For the past few years, I have been using an rsync one-liner to back up important folders on my Mac Mini desktop (OSX 10.9, 2.5 GHz i5, 4 GB RAM) to a FreeNAS box (0.7.2 Sabanda revision 5266, Pentium D 2.66 GHz, 822MiB RAM [reported by the system, I think there's 1 GB in there]). I am running an rsync daemon on the FreeNAS box. Recently, these transfers have been hanging indefinitely. I have done the usual Google-fu and am unable to identify the source of the problem or a solution.
The one-liner is:
rsync -rvOlt --exclude '.DS_Store' \
--exclude '.com.apple.timemachine.supported' \
--delete /Volumes/Storage/Music/Albums/ 192.168.1.100::albums
I have tried enabling -vvv and --progress, but there is no pattern that I can discern between what hangs and what doesn't.
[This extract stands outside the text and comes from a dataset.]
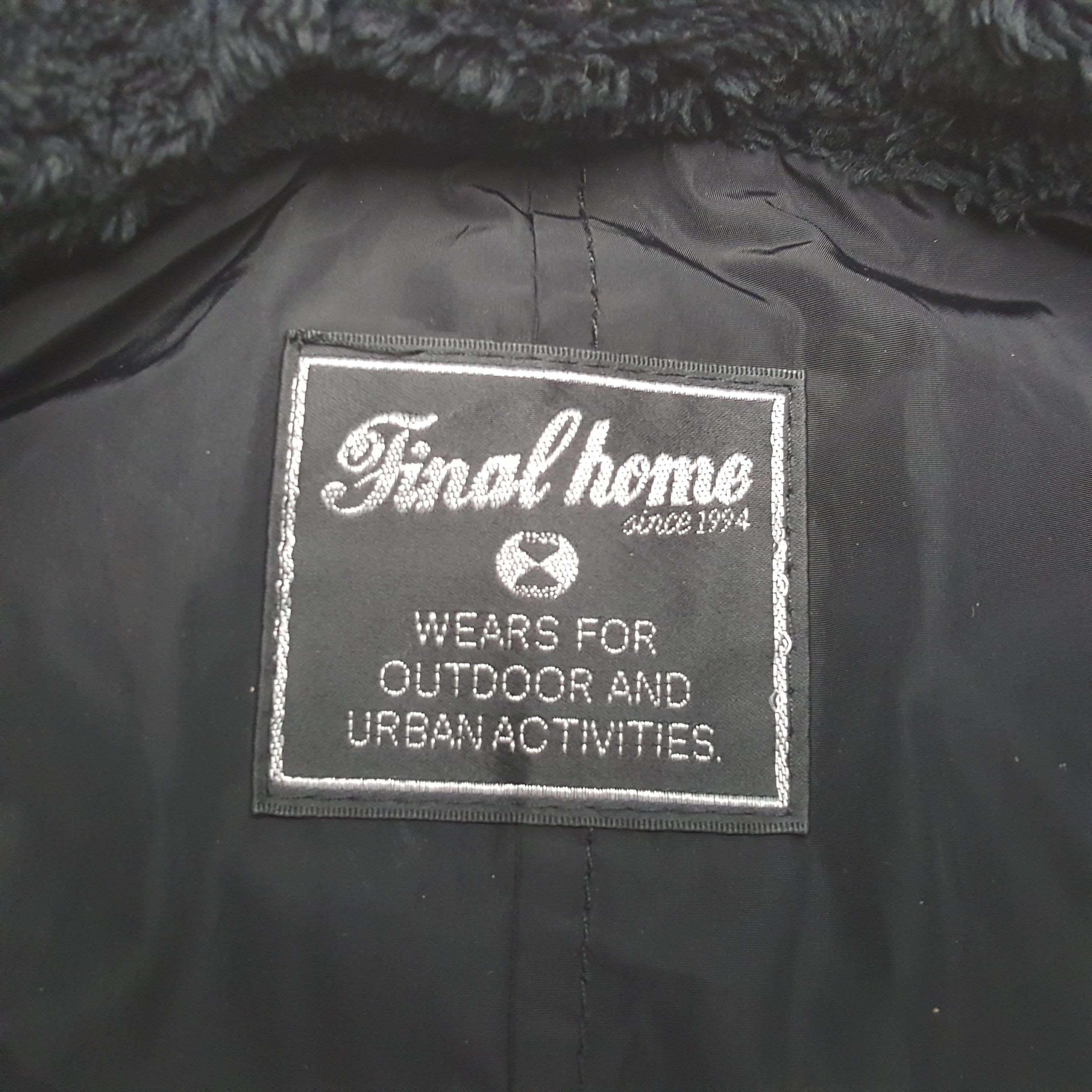 Final Home × Issey Miyake × Vintage Vintage FINAL HOME by Issey Miyake Rare Design Jacket C284N9 Size US L / EU 52-54 / 3 - 4 Thumbnail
Heck, if I retry, the same file might hang at a different point during the transfer or not at all. A dry run (-n) does not always succeed either. The only "success" I've had is implementing a timeout (--timeout=10) and rerunning the command over and over. Eventually, I creep along, but with no guarantee of success and at a pace that is unacceptable. I've reached a point where I have one file that I can't get past.
The Mac Mini is connected to my router via 5 GHz. The FreeNAS box is wired into that same router on a 100 mbit port. When transfers are actually going, rsync --progress reports 2.5-4 MB/s. According to --progress, a hang is literally just that—no data transfer is occurring as far as I can tell.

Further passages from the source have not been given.